Doug Forbis planned to coach children’s wheelchair sports until an injury sidetracked him. Now Forbis, 24, is pursuing a new path. He wants to be an educator. It’s a task he does not consider so very different from coaching. He will still advise, guide and teach skills. He will undoubtedly inspire students.
Forbis is completing his first year of graduate studies at Converse College, where he’s pursuing a master’s in teaching with a focus on intellectual disabilities. He also will be certified to teach students with emotional and behavioral disabilities. He ultimately aspires to teach physical education to children with special needs.
He does not consider himself an inspiration. He sees himself as a typical, 24-year-old guy who wants to be a teacher. In that regard, though, he’s just as inspirational as his fellow graduate students. Yet children he works with in the future might consider him a role model. Forbis has a condition known as sacral agenesis. The lower portion of his spinal column did not form. He was 2 years old when his legs were amputated because they were of no use.
Forbis has not let the condition he was born with hold him back or keep him from pursuing goals with single-minded determination. He has been an athlete since he was a youngster. He began competing in wheelchair basketball at age 12. He also began to compete in wheelchair track with a team based in Charlotte, N.C., as well as the Dorman High School Cavaliers.
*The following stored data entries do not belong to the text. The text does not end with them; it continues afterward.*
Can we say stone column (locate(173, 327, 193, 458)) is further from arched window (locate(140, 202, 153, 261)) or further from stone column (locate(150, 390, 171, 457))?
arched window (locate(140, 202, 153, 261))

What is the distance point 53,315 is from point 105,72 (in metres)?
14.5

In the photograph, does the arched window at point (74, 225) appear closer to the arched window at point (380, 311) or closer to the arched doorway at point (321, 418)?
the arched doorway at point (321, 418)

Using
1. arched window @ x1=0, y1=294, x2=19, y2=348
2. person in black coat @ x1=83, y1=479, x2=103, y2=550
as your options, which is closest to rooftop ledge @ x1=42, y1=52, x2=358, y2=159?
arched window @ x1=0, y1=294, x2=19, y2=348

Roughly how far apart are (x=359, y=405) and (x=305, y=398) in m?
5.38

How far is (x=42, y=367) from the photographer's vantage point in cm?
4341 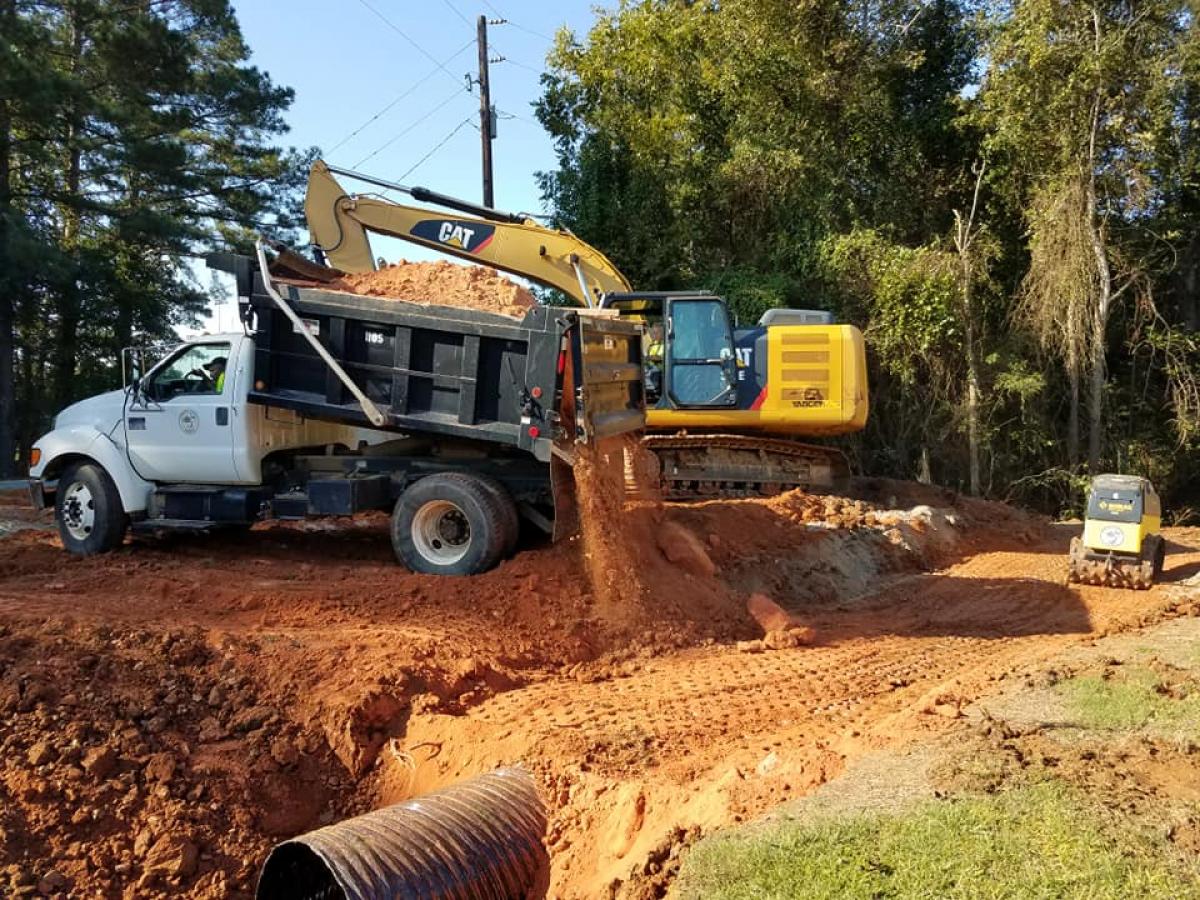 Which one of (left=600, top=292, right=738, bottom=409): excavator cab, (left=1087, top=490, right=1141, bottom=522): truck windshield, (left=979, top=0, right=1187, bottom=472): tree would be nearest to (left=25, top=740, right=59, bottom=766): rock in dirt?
(left=600, top=292, right=738, bottom=409): excavator cab

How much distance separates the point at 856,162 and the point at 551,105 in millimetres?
7151

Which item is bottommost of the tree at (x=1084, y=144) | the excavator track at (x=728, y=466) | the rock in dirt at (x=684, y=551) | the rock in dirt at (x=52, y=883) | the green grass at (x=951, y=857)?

He was a high school junior when Wheelchair Sports USA selected him to go to an international meet in Australia. Forbis found a “safe zone” in sports, he said. He could be himself. People, he said, did not tell him he was different or could not do that.
He was a sophomore at the University of Illinois when he developed tendinitis in his shoulders and upper back muscles. Despite the injury, he continued to compete injured for three years and trained for the Beijing 2008 Paralympics Games. There were days when the pain was so intense, it was a struggle to get out of bed. Forbis reevaluated his plans for the future. Eventually he decided to pursue a career in education.
In a 2003 interview with the Herald-Journal, Forbis said he would like to work with kids. “I love how real they are and the sense of discovery they have,” he said recently. Children, he said, love the world and take it all in. “Every kid has something they can do … our job as teachers is to help them develop their strengths,” he said.
Since college, Forbis has worked with children at camps. He also has done teaching clinicals at McCarthy Teszler School, Anderson Mill Road Elementary School and Dawkins Middle School. He has a course scheduled for this summer and will return to the classroom.
“Teachers have to think on their feet, and I’m used to that,” he said. He has worked with students from ages 3 to 21 with autism, Down syndrome, spina bifida and various disabilities, as well as those with no disabilities. He said he can reach disabled kids in a way others cannot. Even if his and their disabilities are very different, he can still provide a “positive life example.” They can look at Forbis and see someone who, despite physical limitations, does not limit himself — he drives, works and is in a relationship.Forbis said his parents always held him to the same standard as his “able-bodied” older sister.
Someone else who encouraged him was a special-education teacher named Ms. Lowry who taught Forbis in elementary school while his family lived in Denton, Texas. She taught him that people are more similar than different and we all have limitations of some kind. Like his parents, she let him know he could be whoever he wanted to be. People might tell a disabled child they “can’t” do something, Forbis said. Yet with support and encouragement to be everything they’re capable of, they can “blow you away.”